Social Security Reform: The Issue of Individual Versus Collective Investment for Retirement


 

Publication Date: June 2000

Publisher: Library of Congress. Congressional Research Service

Author(s):

Research Area: Banking and finance

Type:

Abstract:

Of the many issues raised in the current Social Security debate, perhaps none is more complex than whether and how the nation's financial markets might be used to reform the system. In its simplest form, the question of how it might be done has brought attention to two possible approaches: (1) having individuals invest some or all of their Social Security contributions directly in the markets or (2) having a government appointed entity invest some of them in the markets for the Social Security trust funds. The current system is a collective one; its resources are shared in the sense that it does not set aside a person's Social Security taxes for his or her own use. Social Security benefits are based instead on a person's "average" earnings and most of a person's taxes are used to pay the benefits of today's recipients. Any surplus is recorded to the trust funds for the potential future benefit of all recipients.

Proponents of a more individualized system of personal accounts say that taking people's money and using it to pay for someone else's benefits is unfair. They argue that it would be better if people invested some or all of their own money for their own retirement. In this way, they contend, people would feel they had gotten what they paid for based on their own decisions. If they want to take more risks, they should be able to. If they want to be more cautious, they could do that too. Simply stated, individual account proponents argue that people should have more choices. Proponents of the current system say that it protects society, as much as the individual, against poverty. They argue that in the absence of Social Security, widespread destitution would exist among the aged and disabled. They do not dispute the claim that people should be able to choose how to save and invest, but through their personal savings and private pensions, not through Social Security.

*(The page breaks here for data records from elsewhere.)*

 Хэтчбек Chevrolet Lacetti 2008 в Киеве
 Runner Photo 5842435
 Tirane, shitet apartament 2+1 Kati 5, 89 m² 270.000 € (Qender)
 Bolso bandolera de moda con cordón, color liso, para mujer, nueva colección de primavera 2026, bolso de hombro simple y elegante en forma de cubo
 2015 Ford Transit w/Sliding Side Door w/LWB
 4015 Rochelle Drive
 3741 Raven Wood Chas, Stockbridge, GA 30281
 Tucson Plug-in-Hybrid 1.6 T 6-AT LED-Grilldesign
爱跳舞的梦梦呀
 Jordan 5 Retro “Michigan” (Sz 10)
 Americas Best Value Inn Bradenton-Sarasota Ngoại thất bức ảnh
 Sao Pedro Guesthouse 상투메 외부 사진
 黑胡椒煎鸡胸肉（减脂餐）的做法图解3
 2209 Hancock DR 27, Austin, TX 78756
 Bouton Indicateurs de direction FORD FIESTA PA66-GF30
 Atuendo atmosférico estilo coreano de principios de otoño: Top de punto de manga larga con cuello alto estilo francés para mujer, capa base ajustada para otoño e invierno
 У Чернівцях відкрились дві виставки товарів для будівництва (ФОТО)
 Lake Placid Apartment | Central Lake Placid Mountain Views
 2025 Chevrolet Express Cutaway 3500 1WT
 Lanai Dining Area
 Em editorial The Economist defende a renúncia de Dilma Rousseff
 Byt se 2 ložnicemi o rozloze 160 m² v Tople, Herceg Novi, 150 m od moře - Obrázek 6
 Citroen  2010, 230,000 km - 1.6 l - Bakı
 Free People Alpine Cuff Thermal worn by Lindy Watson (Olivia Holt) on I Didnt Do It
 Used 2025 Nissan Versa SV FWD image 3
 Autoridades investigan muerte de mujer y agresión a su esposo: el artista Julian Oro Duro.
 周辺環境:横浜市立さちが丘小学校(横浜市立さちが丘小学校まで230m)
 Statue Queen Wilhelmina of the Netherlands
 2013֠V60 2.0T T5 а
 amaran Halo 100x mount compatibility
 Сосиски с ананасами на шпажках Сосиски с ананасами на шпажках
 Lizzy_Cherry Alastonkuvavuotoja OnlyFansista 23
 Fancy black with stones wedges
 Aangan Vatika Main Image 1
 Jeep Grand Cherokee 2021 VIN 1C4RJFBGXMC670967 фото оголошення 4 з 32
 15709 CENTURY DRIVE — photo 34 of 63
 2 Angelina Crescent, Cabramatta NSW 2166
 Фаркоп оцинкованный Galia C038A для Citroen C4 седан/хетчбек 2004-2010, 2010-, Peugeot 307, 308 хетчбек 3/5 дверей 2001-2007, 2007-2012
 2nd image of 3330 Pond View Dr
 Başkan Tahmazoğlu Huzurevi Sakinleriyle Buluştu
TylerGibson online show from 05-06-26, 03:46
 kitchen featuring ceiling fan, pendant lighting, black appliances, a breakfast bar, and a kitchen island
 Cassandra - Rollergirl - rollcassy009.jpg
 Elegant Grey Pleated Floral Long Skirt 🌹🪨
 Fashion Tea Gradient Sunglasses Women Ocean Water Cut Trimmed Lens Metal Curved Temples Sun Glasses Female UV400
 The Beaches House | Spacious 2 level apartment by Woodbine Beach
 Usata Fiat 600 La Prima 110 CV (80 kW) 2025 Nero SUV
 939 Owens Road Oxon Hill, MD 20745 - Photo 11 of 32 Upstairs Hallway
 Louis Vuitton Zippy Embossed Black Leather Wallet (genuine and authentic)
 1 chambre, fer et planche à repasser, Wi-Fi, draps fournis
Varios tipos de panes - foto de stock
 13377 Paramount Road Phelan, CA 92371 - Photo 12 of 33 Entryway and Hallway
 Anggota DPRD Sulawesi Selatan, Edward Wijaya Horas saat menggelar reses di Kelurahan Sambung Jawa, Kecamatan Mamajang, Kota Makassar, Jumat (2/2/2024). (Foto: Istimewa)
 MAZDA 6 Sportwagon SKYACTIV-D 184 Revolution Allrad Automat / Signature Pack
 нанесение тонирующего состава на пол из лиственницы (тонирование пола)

Elements of both camps say that investing in the financial markets can help make the nation's retirement system more secure. Proponents of the current system who do so (recognizing that not all do) contend that the higher yield from investing a portion of the trust funds in the markets could help reduce the system's long-term funding problem. Proponents of personal accounts generally distrust the government to invest without interfering with private enterprise and would prefer that people grow their own accounts to supplement Social Security, perhaps allowing future Social Security benefits to be constrained enough to make the system solvent. While shoring up the system is the catalyst for discussion, much of the debate emanates from a philosophical conflict about how much the government needs to be involved in securing retirements. Proponents of the current system argue that to adopt a more individualized system, where how well one invests becomes critical to one's retirement well being, would be too big a risk for many of society's economically vulnerable people. They see the current program as a necessary role for government in assuring a minimal standard of retirement income. Others contend that society has changed and is much more capable today than in the 1930s of sustaining a system that does not rely on a mandated transfer of income from workers to recipients. They argue that given adequate incentives, perhaps even a mandate, people could effectively save the same Social Security tax dollars on their own, possibly achieving greater economic returns than afforded by a politically-driven, governmental system.